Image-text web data
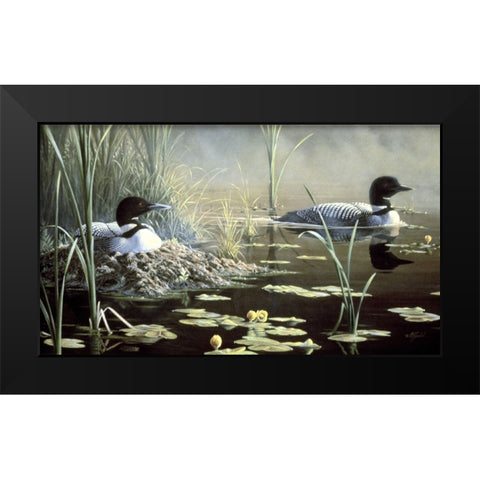 Nesting Loons Black Modern Wood Framed Art Print by Goebel, Wilhelm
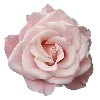 🤒 Эмодзи «Emoji catalog 84» для Telegram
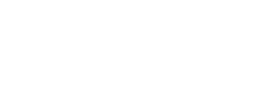 logo preview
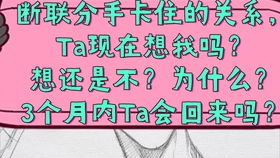 如何应对八字男命中爱说谎的伴侣？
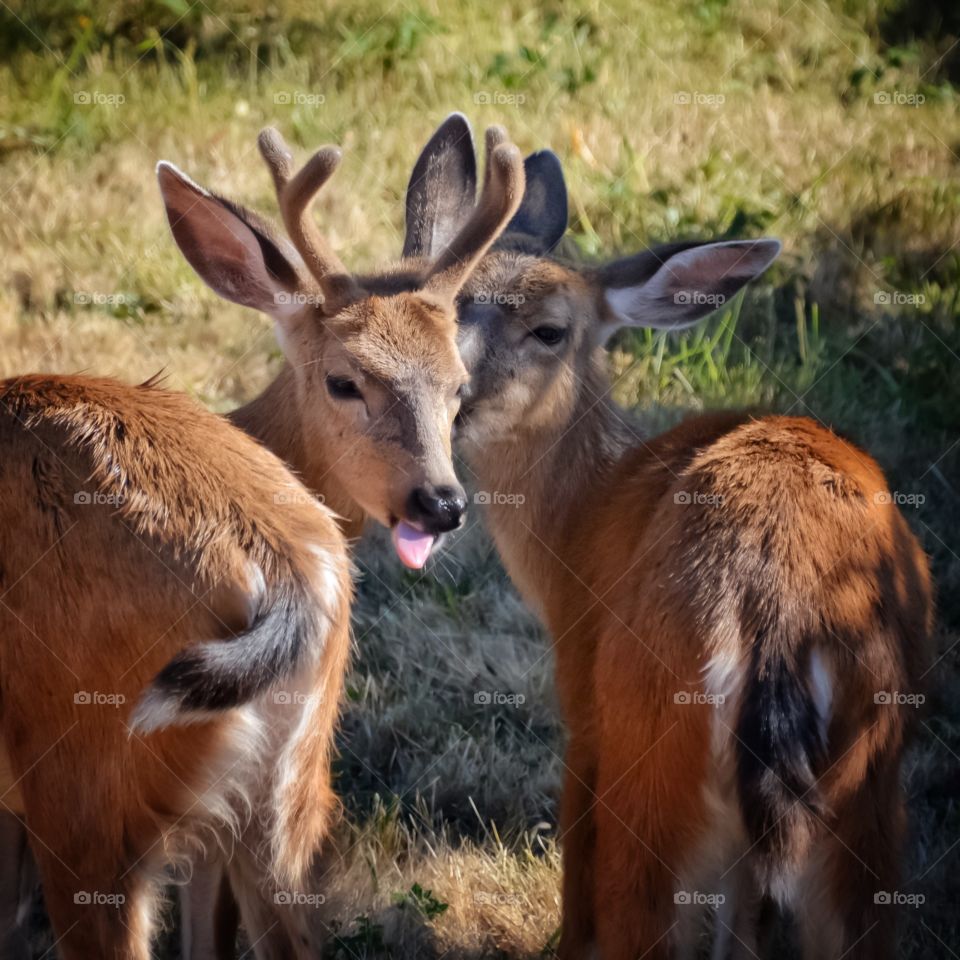 Young buck with attitude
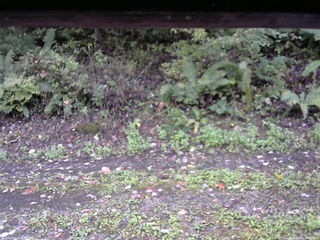 長野県菅平高原 ゆたか山荘 南側 2025/10/06 16:00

Exercise goal
If a record holds a picture, drop the picture and return the rest of it exactly.

Response box
 Nesting Loons Black Modern Wood Framed Art Print by Goebel, Wilhelm
 🤒 Эмодзи «Emoji catalog 84» для Telegram
 logo preview
 如何应对八字男命中爱说谎的伴侣？
 Young buck with attitude
 長野県菅平高原 ゆたか山荘 南側 2025/10/06 16:00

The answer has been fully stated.